MANILA -- (UPDATE) A bill creating a Philippine marshals system for judges has been filed at the House of Representatives, a lawmaker said Sunday.
Surigao del Sur Rep. Johnny Pimentel filed House Bill 5403 following the killing of Ilocos Sur judge Mario Bañez earlier this month, as justices called for tighter security.
Bañez is the 31st judge killed since January 1999 and the 5th under the term of President Rodrigo Duterte, according to data from the Office of the Court Administrator.

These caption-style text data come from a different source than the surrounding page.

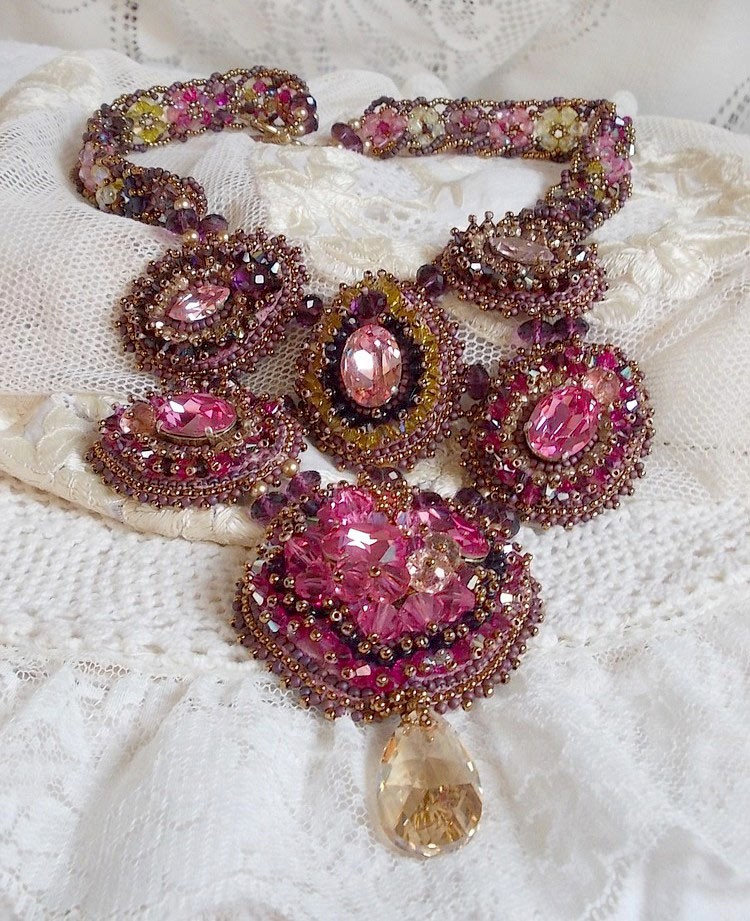 Majestic Crystal Haute-Couture halskjede med cabochons, Swarovski Crystal bicones, glassperler og frøperler av høy kvalitet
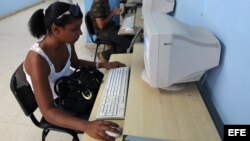 Varias personas acceden a Internet en una sala de navegación.
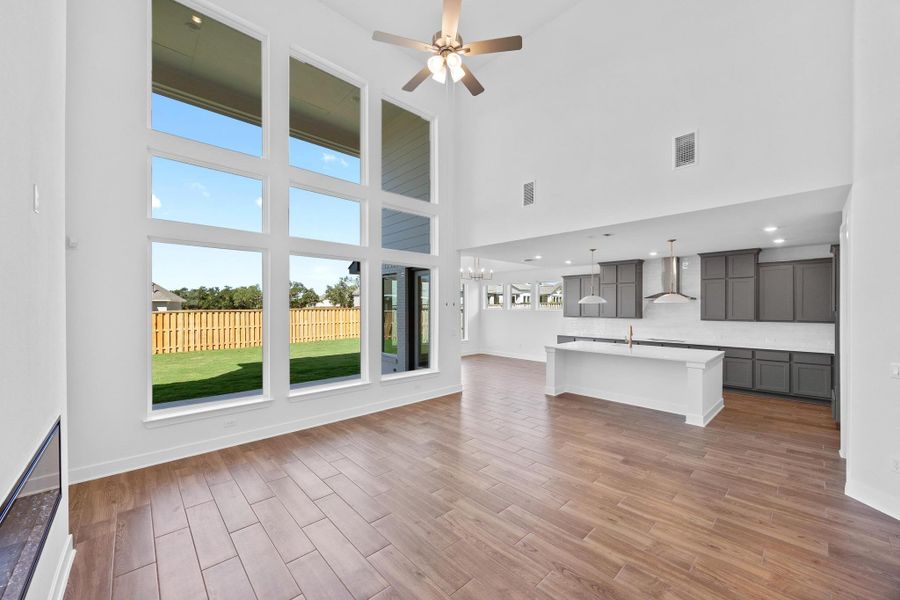 Spacious, unfurnished interior of a new home in Parmer Ranch, Georgetown (Image 14).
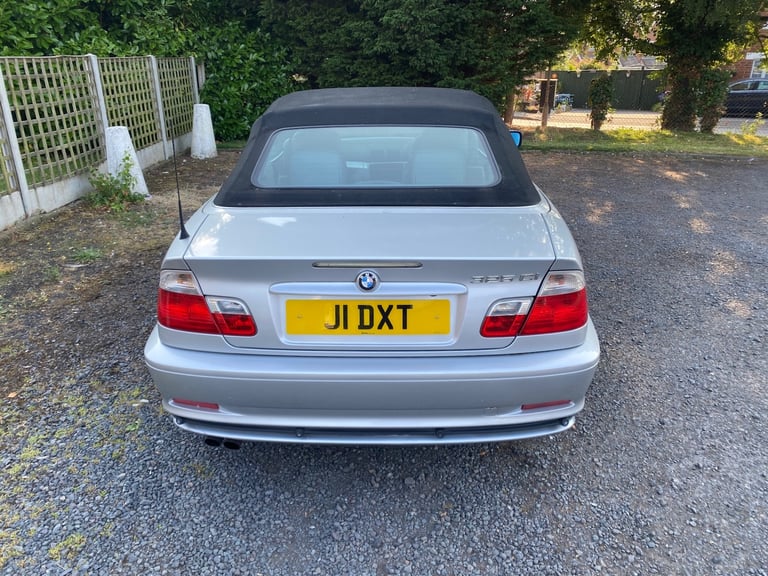 BMW 325i AUTOMATIC CONVERTIBLE 2003 (53)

Under the measure, the marshals must have the following requirements:
- A bachelor’s degree holder
- At least 21 years old but not older than 35
- Undergo training at the Philippine Public Safety College
- Possess suitable firearms for the proper protection of court officers and properties
- Serve as “peace officers” and as such, have the power to conduct arrests, searches and seizures in accordance with existing laws and rules
- Investigate and counteract crimes against judicial officers
- Take and require sworn truthful statements of any person or persons so summoned in relation to cases under investigation
There are 2,561 trial judges in the country, Pimentel said, citing data from the judiciary’s staffing summary in the 2019 General Appropriations Act.

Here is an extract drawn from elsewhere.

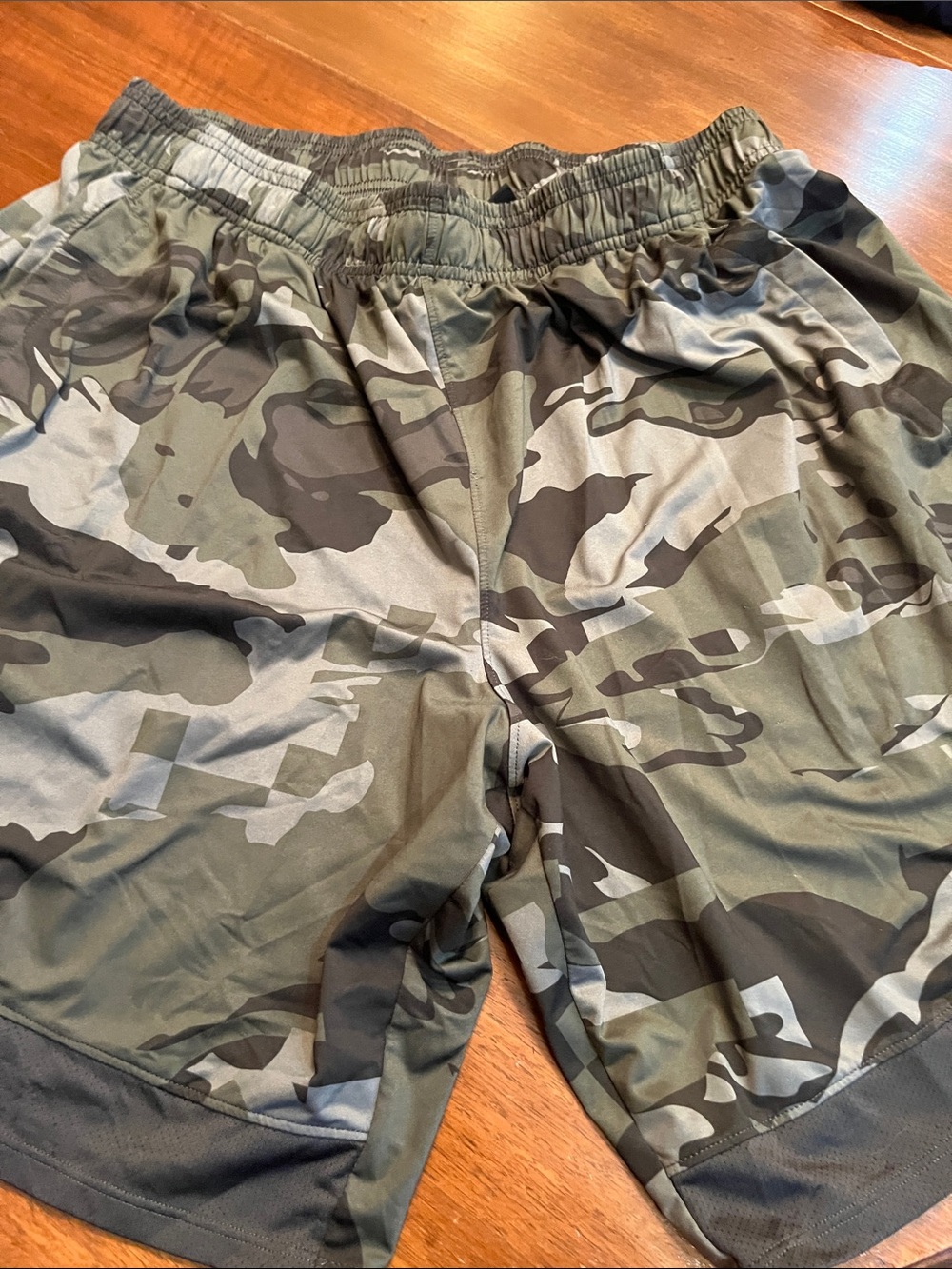 Under Armour Men's Camo Performance Shorts - Olive & Black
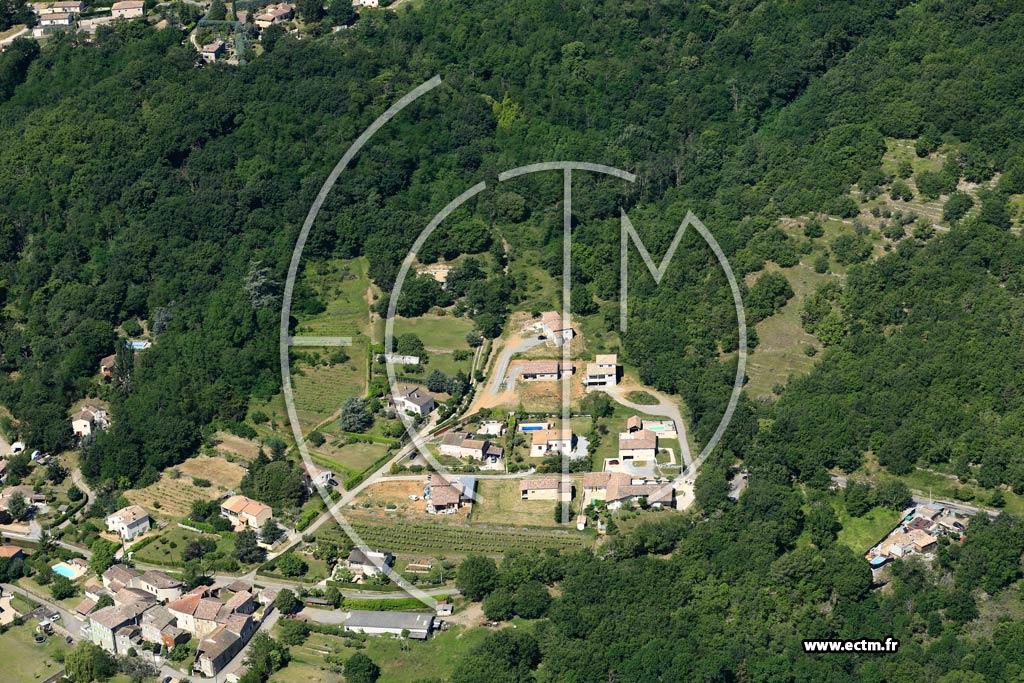 Photo arienne de Saint-Julien-du-Serre (Le Chambon)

Of this figure, 1,301 are Regional Trial Court judges, 169 are Metro Trial Court judges, 257 are City Trial Court judges, 468 are Municipal Circuit Trial Court judges, and 366 are Municipal Trial Court judges.
Aside from the 15 members of the Supreme Court (SC), there are also 70 justices of the Court of Appeals and 9 justices of the Court of Tax Appeals.

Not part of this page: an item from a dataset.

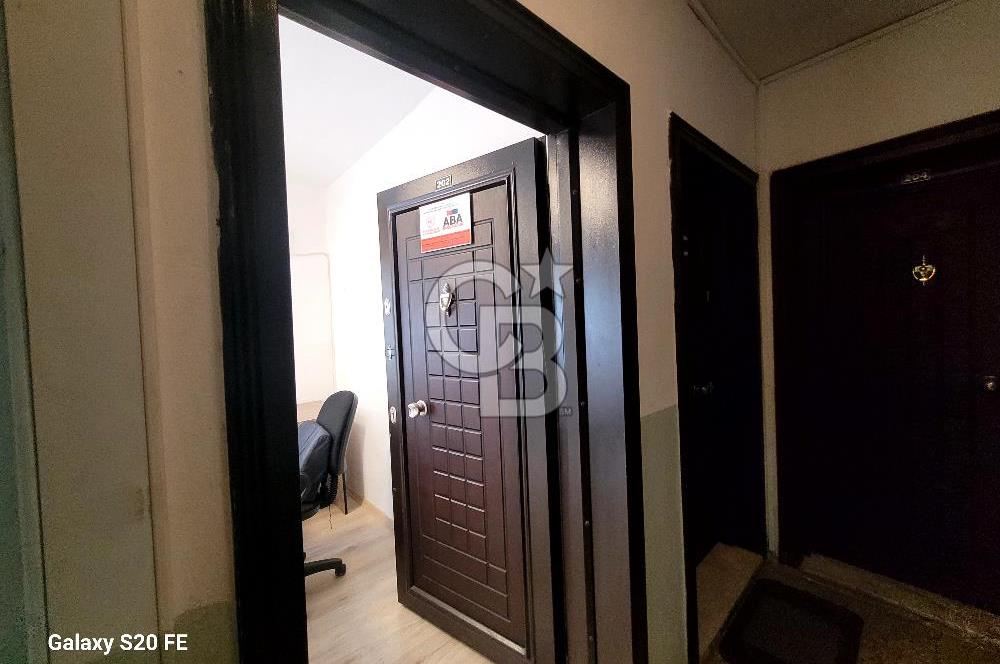 karşıyaka çarşı içinde eşyalı kiralık ofis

SC spokesperson Brian Hosaka welcomed the bill's filing.
"This bill is of utmost importance, and we do hope that this initiative continues to gain traction until a law is eventually passed at the soonest possible time," he said.
"It goes without saying that when we protect our magistrates, we also protect the rule of law. We thank our lawmakers for their prompt action on this matter."